Survival Tents and Shelters | Shelter for Survival
What is the best shelter for survival?
If we are able to believe what we see in the popular outdoor press we are lead to assume building shelter or survival tent is as easy as pie. Just look at the natural surroundings in a wilderness area or expansive backcountry terrain. There are plenty of natural items we can utilize to build survival shelters sufficient enough to protect us, right? Based on what we read we think there should always be a convenient way to seek emergency shelters in natural surroundings. Think again! In a real survival situation, there will most likely be no time to build an elaborate shelter or search for a rocky overhang, hollow tree or cave. Many carry a lightweight tent which will work however canvas tents and even dome tents can be quite heavy. Some even say the best survival tents are mylar blankets (these blankets are not worth the few dollars they cost - read below!) If you are in trouble you will need to protect yourself quickly, efficiently and the survival tent or survival shelters you use for your shelter better be effective in protecting you from harsh conditions.
An unexpected change in the weather is something to always be aware of. Especially when venturing above treeline.
To be 100% sure you are protecting yourself you will need to make sure you have the materials required to build a shelter when you need it. It is nearly impossible to shelter that is completely waterproof and windproof from materials that come directly from nature. Building a wilderness shelter or survival shelters completely from natural materials available in the outdoors simply is not practical.
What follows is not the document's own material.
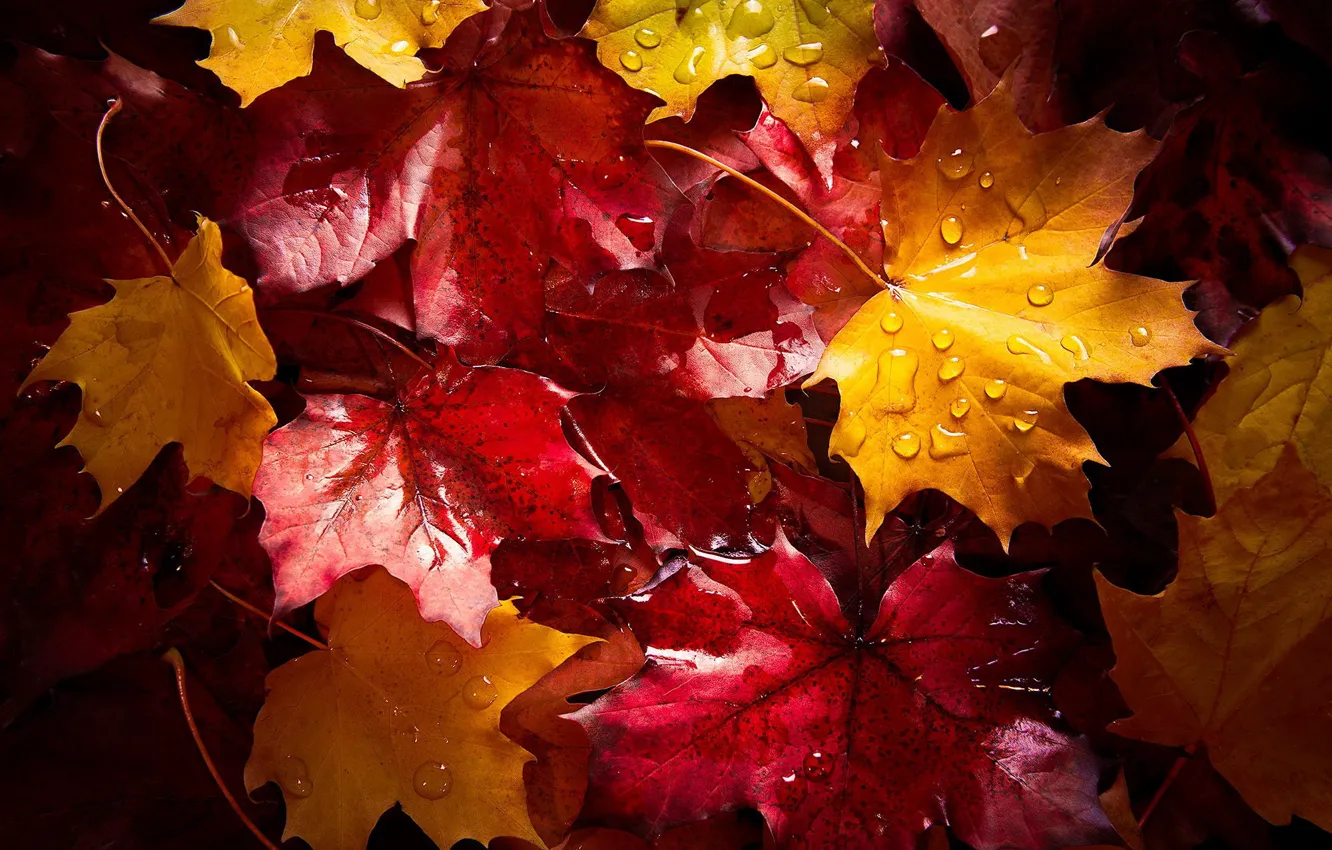 Photo wallpaper wet, autumn, drops, macro, foliage, after the rain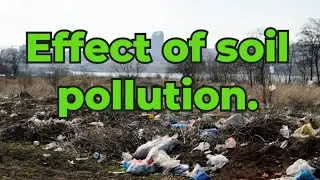 Soil Pollution: Causes, Effects, and Solutions | A Comprehensive Guide.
Imagine you are on a day hike. It's getting late and the temperature is dropping. You were sure you'd have enough daylight to make it back to the car the only issue is that the trail looks different on the way back and you find yourself lost. "No, I can't be lost, I've never been lost before in my life," you say subtly to yourself. You take what you are sure is a shortcut back to your car yet you find yourself even more lost. "No worries," you think to yourself. "I'll just pop open my smartphone and find where I am at" you think as the sun continues to drop behind the mountains and it's getting dark. "oh no! my phone is dead." Panic starts to set in. How will you protect yourself?
When the realization first hits that you will be forced to have to spend a night outside that you had not planned on you will realize you need to start the process of building shelter. Now, this is not a time to be running around gathering big logs for an elaborate survival shelter. How will you have time? What if you are injured? Shelters made from natural material require time, effort, a quality cutting tool and a qualified survivor who has practiced building a shelter for survival in the past.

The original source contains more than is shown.